A team of researchers from the Department of Energy’s Lawrence Berkeley National Laboratory (Berkeley Lab) and the University of Massachusetts Amherst has built “water-walking” liquid robots that, like tiny submarines, dive below water to retrieve precious chemicals and then surface to deliver chemicals ashore again and again.
The technology is the first self-powered aqueous robot that can work autonomously and continuously without needing electrical inputs. It has the potential as an automated chemical synthesis or drug delivery system for pharmaceuticals.
“We have broken a barrier in designing a liquid robotic system that can operate autonomously by using chemistry to control an object’s buoyancy,” said senior author Tom Russell, a visiting faculty scientist and professor of polymer science and engineering from the University of Massachusetts Amherst.

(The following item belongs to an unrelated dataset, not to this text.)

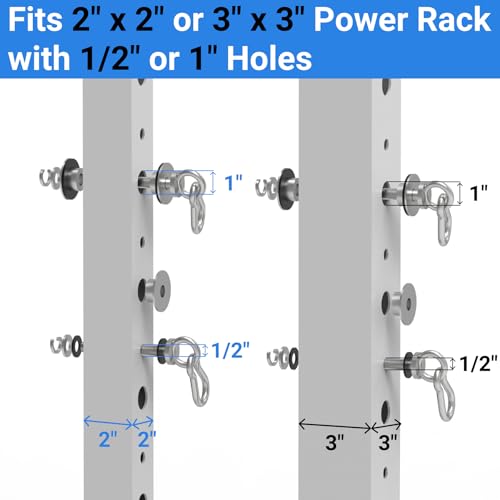 Vatemechie Heavy-Duty Power Rack Attachments, Quick-Install Home Gym Accessories for 2x2, 2x3 & 3x3 Power Racks, Fits 1/2", 5/8" & 1" Holes (Power Rack Attachments with Pulley Wheel) - Image 3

This isn’t the first time “liquibots” have been demonstrated. In previous studies, other researchers demonstrated liquibots that autonomously perform a task, but just once; and some liquibots can perform a task continuously but need electricity to keep on running. In contrast, “we don’t have to provide electrical energy because our liquibots get their power or ‘food’ chemically from the surrounding media,” Russell explained.
The liquibots look like little open sacks and are just 2 millimeters in diameter. Because they are denser than the solution, the liquibots cluster in the middle of the solution, where they fill up with select chemicals. This triggers a reaction that generates oxygen bubbles, which like little balloons, lift the liquibot up to the surface. Another reaction pulls the liquibots to the rim of a container, where they “land” and offload their cargo.
The liquid robots go back and forth, like the pendulum of a clock, and can run continuously as long as there is “food” in the system.
An array of liquibots could do multiple jobs at the same time, depending on their formulation. For example, some liquibots could detect different types of gas in the environment, while others react to specific types of chemicals. The technology may also enable autonomous, continuous robotic systems that screen small chemical samples for clinical applications or drug discovery and drug synthesis applications.
As the next step, the researchers plan to investigate how to scale up the technology for larger systems and explore how it would work on solid surfaces.